**Your objective**
Replicate the data exactly, every line included.
[Information supplied — start]
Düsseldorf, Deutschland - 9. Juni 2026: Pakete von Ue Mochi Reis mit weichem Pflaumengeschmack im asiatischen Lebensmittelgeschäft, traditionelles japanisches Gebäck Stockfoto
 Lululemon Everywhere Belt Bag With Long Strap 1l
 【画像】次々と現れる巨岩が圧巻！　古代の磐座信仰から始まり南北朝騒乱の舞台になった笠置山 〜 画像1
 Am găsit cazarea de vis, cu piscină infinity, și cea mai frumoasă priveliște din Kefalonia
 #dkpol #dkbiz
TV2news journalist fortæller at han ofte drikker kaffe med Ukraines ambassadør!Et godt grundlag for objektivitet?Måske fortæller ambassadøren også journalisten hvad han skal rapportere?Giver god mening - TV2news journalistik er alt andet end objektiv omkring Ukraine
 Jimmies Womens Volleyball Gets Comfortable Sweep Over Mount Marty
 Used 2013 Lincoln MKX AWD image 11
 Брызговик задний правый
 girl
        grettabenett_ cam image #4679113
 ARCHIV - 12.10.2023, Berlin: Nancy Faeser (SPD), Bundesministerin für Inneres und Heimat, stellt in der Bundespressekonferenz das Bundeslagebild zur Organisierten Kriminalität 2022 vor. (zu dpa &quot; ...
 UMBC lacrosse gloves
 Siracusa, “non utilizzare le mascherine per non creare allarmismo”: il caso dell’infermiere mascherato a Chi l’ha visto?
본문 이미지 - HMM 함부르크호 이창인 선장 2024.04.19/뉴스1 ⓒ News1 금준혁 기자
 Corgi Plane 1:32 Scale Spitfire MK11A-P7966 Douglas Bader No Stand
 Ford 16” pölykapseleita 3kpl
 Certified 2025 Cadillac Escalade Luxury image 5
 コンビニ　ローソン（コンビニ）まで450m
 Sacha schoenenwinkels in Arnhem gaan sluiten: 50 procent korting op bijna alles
[Information supplied — finish]
**Result for this exercise**
Düsseldorf, Deutschland - 9. Juni 2026: Pakete von Ue Mochi Reis mit weichem Pflaumengeschmack im asiatischen Lebensmittelgeschäft, traditionelles japanisches Gebäck Stockfoto
 Lululemon Everywhere Belt Bag With Long Strap 1l
 【画像】次々と現れる巨岩が圧巻！　古代の磐座信仰から始まり南北朝騒乱の舞台になった笠置山 〜 画像1
 Am găsit cazarea de vis, cu piscină infinity, și cea mai frumoasă priveliște din Kefalonia
 #dkpol #dkbiz
TV2news journalist fortæller at han ofte drikker kaffe med Ukraines ambassadør!Et godt grundlag for objektivitet?Måske fortæller ambassadøren også journalisten hvad han skal rapportere?Giver god mening - TV2news journalistik er alt andet end objektiv omkring Ukraine
 Jimmies Womens Volleyball Gets Comfortable Sweep Over Mount Marty
 Used 2013 Lincoln MKX AWD image 11
 Брызговик задний правый
 girl
        grettabenett_ cam image #4679113
 ARCHIV - 12.10.2023, Berlin: Nancy Faeser (SPD), Bundesministerin für Inneres und Heimat, stellt in der Bundespressekonferenz das Bundeslagebild zur Organisierten Kriminalität 2022 vor. (zu dpa &quot; ...
 UMBC lacrosse gloves
 Siracusa, “non utilizzare le mascherine per non creare allarmismo”: il caso dell’infermiere mascherato a Chi l’ha visto?
본문 이미지 - HMM 함부르크호 이창인 선장 2024.04.19/뉴스1 ⓒ News1 금준혁 기자
 Corgi Plane 1:32 Scale Spitfire MK11A-P7966 Douglas Bader No Stand
 Ford 16” pölykapseleita 3kpl
 Certified 2025 Cadillac Escalade Luxury image 5
 コンビニ　ローソン（コンビニ）まで450m
 Sacha schoenenwinkels in Arnhem gaan sluiten: 50 procent korting op bijna alles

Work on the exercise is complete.